**SUPPLIED MATERIAL:**

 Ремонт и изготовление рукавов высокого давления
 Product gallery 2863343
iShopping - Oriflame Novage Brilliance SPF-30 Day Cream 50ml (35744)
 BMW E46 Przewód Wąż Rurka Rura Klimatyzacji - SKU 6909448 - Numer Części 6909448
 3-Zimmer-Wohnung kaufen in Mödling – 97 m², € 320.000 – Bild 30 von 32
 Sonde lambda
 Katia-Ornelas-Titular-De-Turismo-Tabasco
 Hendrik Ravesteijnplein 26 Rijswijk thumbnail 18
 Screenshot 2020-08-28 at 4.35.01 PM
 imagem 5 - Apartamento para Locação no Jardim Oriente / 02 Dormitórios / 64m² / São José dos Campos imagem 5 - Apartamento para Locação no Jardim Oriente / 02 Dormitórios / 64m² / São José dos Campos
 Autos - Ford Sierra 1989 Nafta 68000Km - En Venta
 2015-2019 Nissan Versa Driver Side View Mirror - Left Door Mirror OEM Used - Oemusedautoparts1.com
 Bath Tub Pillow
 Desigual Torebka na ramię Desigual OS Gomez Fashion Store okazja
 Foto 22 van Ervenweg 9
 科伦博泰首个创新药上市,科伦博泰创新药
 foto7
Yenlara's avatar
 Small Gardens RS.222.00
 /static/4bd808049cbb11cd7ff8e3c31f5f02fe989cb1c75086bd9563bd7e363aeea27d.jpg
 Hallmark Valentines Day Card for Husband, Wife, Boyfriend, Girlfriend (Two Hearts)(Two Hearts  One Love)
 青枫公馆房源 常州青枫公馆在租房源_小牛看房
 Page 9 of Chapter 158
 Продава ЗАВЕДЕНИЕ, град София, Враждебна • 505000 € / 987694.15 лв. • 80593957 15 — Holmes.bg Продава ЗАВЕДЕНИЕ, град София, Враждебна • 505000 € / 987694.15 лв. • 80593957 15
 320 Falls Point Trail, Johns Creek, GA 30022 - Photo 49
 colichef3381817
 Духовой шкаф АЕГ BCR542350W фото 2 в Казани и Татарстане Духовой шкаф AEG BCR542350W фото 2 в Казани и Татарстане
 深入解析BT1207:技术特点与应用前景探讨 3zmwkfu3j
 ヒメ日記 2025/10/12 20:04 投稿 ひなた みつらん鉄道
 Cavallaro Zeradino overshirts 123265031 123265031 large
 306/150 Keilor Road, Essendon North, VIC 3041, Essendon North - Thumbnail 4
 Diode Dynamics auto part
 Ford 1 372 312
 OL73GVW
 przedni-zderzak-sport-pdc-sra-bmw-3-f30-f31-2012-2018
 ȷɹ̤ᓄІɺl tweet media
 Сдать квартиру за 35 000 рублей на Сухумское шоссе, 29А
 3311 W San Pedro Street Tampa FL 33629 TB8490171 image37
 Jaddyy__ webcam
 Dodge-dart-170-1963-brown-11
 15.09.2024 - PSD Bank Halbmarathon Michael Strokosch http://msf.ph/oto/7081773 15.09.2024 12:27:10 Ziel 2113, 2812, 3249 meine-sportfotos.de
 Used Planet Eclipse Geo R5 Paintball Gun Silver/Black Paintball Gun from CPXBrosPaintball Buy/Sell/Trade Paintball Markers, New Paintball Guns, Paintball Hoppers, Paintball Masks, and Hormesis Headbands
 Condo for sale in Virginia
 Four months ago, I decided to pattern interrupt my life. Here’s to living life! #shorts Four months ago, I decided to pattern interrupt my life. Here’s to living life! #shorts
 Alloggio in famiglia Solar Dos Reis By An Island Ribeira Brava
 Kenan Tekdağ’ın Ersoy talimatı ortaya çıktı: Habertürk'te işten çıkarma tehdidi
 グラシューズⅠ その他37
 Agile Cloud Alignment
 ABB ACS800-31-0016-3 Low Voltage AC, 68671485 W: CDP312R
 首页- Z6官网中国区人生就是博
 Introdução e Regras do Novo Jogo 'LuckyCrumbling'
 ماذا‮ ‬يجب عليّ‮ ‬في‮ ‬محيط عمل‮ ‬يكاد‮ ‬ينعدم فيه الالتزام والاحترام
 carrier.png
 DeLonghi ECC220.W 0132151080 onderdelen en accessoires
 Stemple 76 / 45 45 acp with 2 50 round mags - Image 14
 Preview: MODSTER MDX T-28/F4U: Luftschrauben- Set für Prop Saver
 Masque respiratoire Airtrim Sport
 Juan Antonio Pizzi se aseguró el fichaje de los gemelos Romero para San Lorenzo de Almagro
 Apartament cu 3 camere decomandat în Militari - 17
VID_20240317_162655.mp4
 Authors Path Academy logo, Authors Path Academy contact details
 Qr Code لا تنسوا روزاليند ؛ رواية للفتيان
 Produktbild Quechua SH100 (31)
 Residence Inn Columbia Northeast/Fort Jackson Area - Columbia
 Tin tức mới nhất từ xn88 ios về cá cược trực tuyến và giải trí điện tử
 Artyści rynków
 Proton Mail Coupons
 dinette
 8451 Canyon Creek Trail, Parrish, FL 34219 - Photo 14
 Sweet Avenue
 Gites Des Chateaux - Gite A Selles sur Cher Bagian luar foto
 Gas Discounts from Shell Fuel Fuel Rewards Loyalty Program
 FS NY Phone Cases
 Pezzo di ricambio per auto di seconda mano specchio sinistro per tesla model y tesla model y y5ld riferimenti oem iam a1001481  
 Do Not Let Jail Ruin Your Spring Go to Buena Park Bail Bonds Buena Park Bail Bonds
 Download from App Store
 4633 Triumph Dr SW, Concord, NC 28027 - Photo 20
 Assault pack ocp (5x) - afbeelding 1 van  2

**EXERCISE PROMPT:** Begin at the line that has "306/150 Keilor Road, Essendon" in the entries above; stop after the line that has "Сдать квартиру за". Transcribe exactly those lines and no others.

**TASK RESPONSE:**
 306/150 Keilor Road, Essendon North, VIC 3041, Essendon North - Thumbnail 4
 Diode Dynamics auto part
 Ford 1 372 312
 OL73GVW
 przedni-zderzak-sport-pdc-sra-bmw-3-f30-f31-2012-2018
 ȷɹ̤ᓄІɺl tweet media
 Сдать квартиру за 35 000 рублей на Сухумское шоссе, 29А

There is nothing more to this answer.